----- COLLECTED MATERIAL

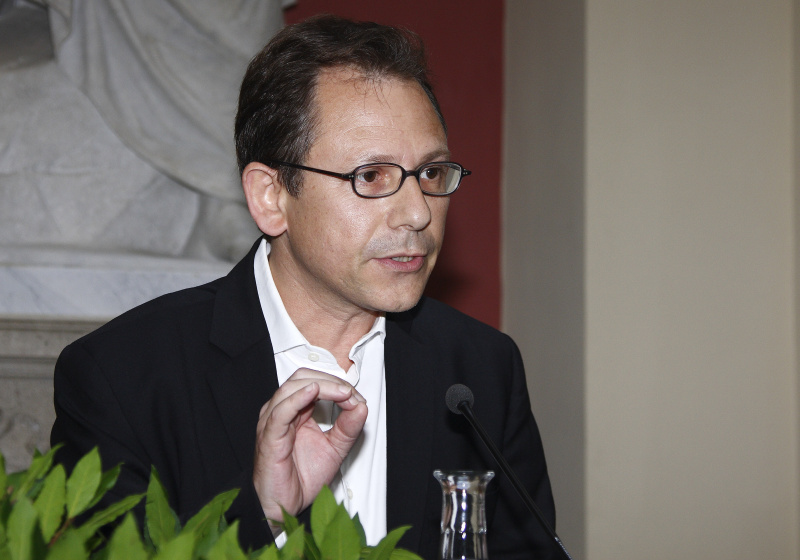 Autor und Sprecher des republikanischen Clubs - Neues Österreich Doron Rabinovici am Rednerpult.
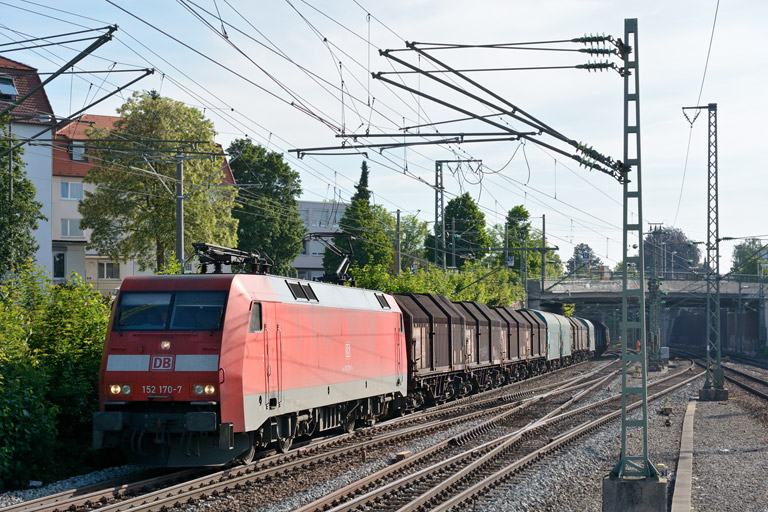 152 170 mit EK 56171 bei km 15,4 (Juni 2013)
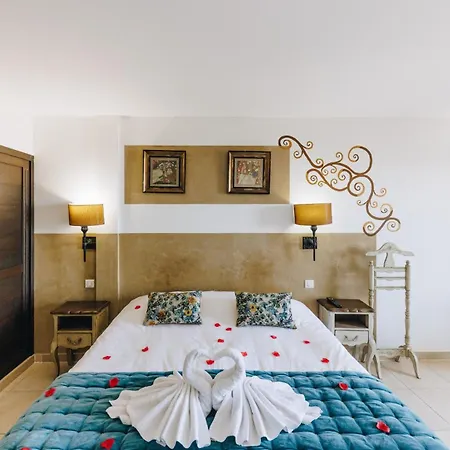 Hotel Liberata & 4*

----------

TASK TO CARRY OUT:
Transcribe the material above in full. No picture is to be copied.

EXERCISE RESULT:
 Autor und Sprecher des republikanischen Clubs - Neues Österreich Doron Rabinovici am Rednerpult.
 152 170 mit EK 56171 bei km 15,4 (Juni 2013)
 Hotel Liberata & 4*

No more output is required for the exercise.